_GIVEN DATA:_

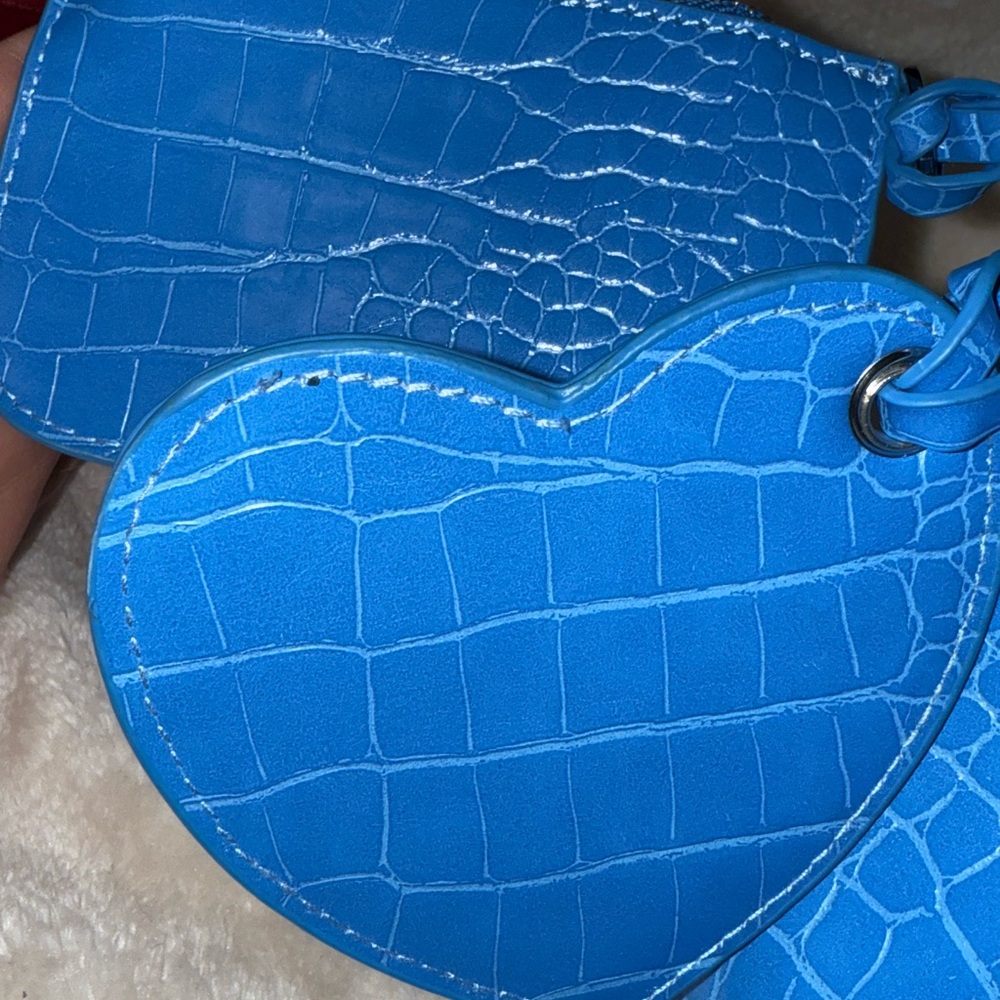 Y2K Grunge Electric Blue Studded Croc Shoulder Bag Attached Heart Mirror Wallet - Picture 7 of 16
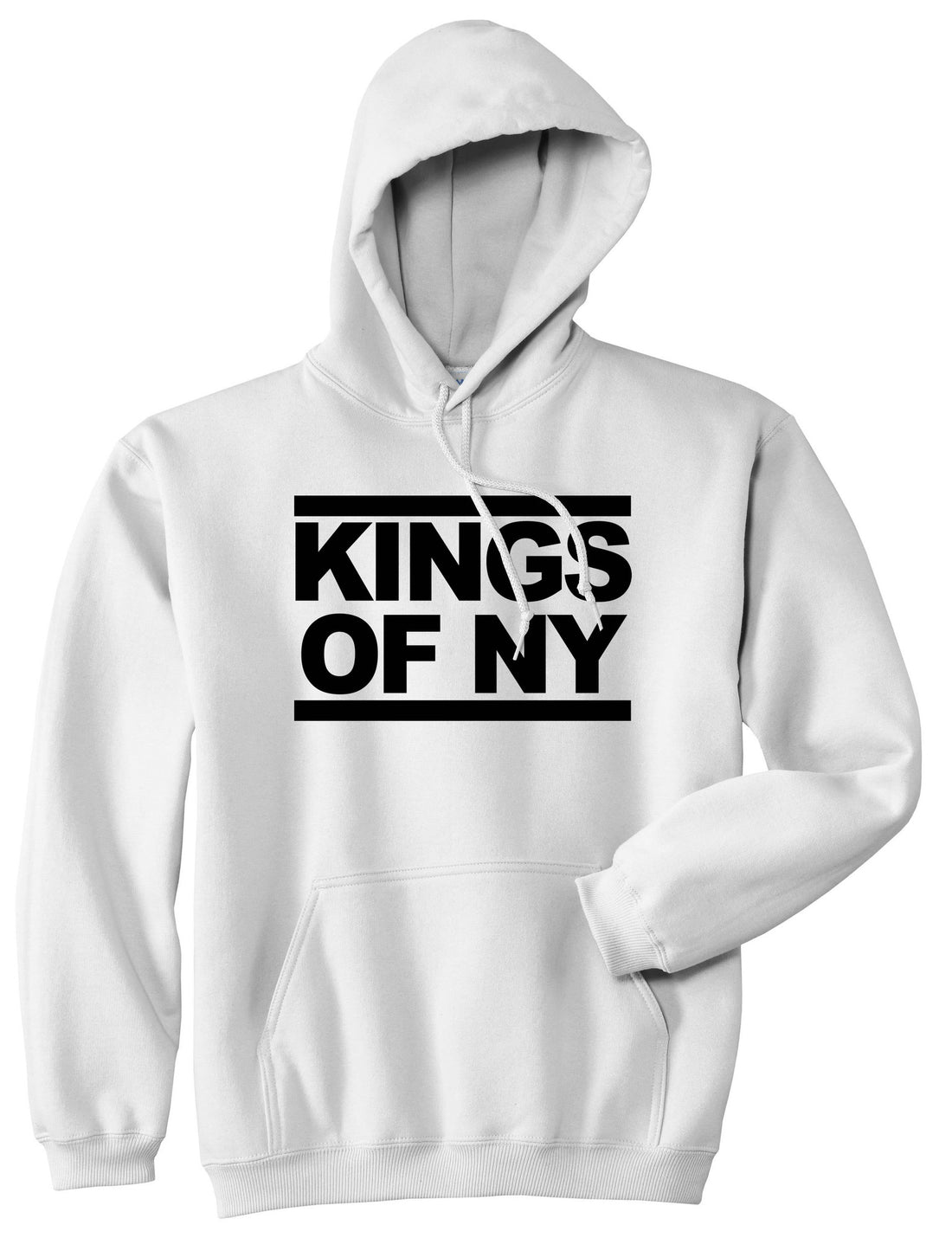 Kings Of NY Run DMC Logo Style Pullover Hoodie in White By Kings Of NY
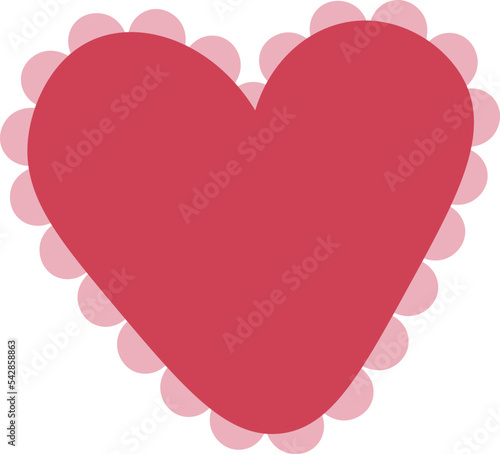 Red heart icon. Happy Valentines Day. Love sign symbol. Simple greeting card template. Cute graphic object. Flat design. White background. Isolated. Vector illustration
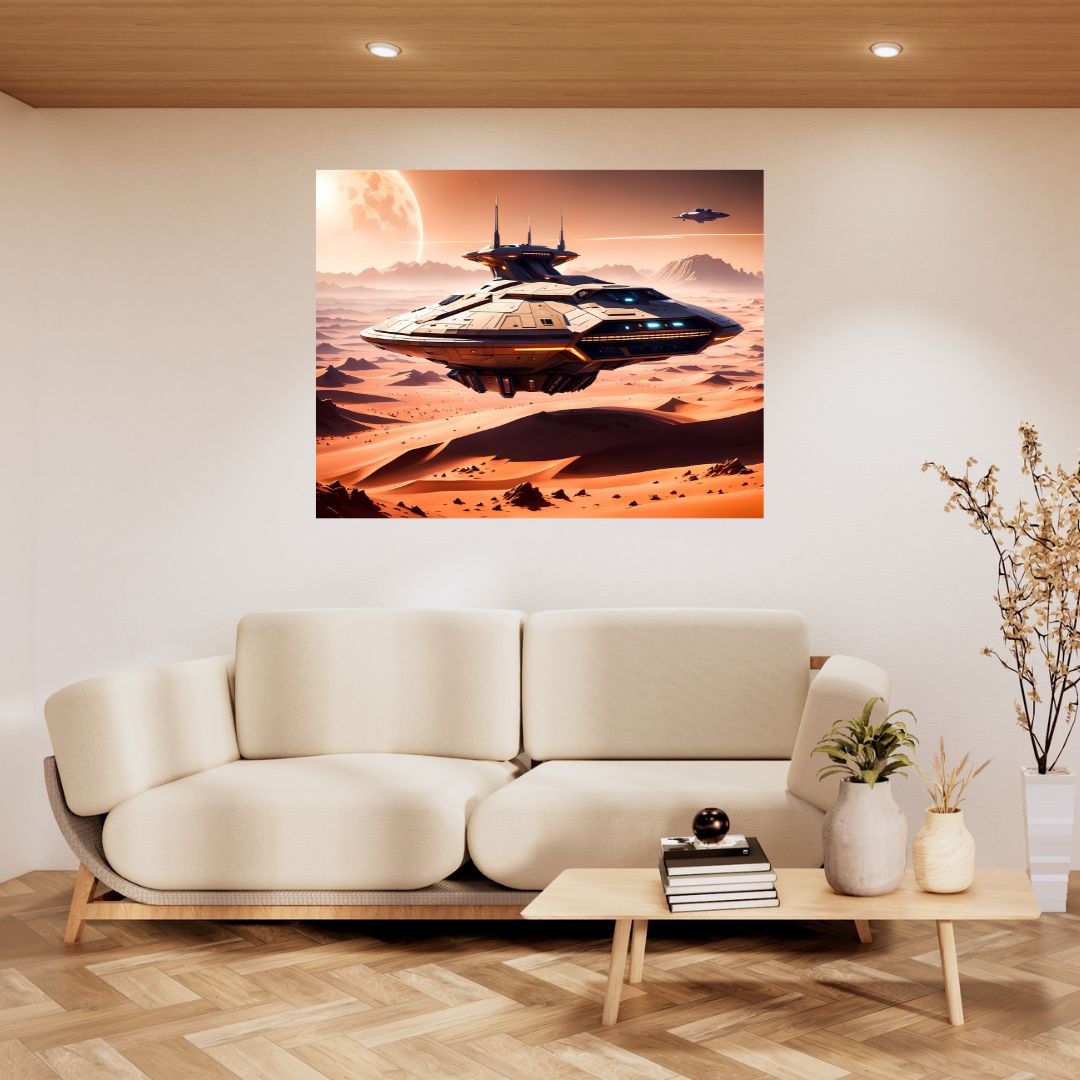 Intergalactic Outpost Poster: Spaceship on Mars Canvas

_HOW TO COMPLETE THIS TASK:_ Reproduce the material above exactly, but only from the line with "Red heart icon." through its last line, leaving pictures out.

_EXERCISE SOLUTION:_
 Red heart icon. Happy Valentines Day. Love sign symbol. Simple greeting card template. Cute graphic object. Flat design. White background. Isolated. Vector illustration
 Intergalactic Outpost Poster: Spaceship on Mars Canvas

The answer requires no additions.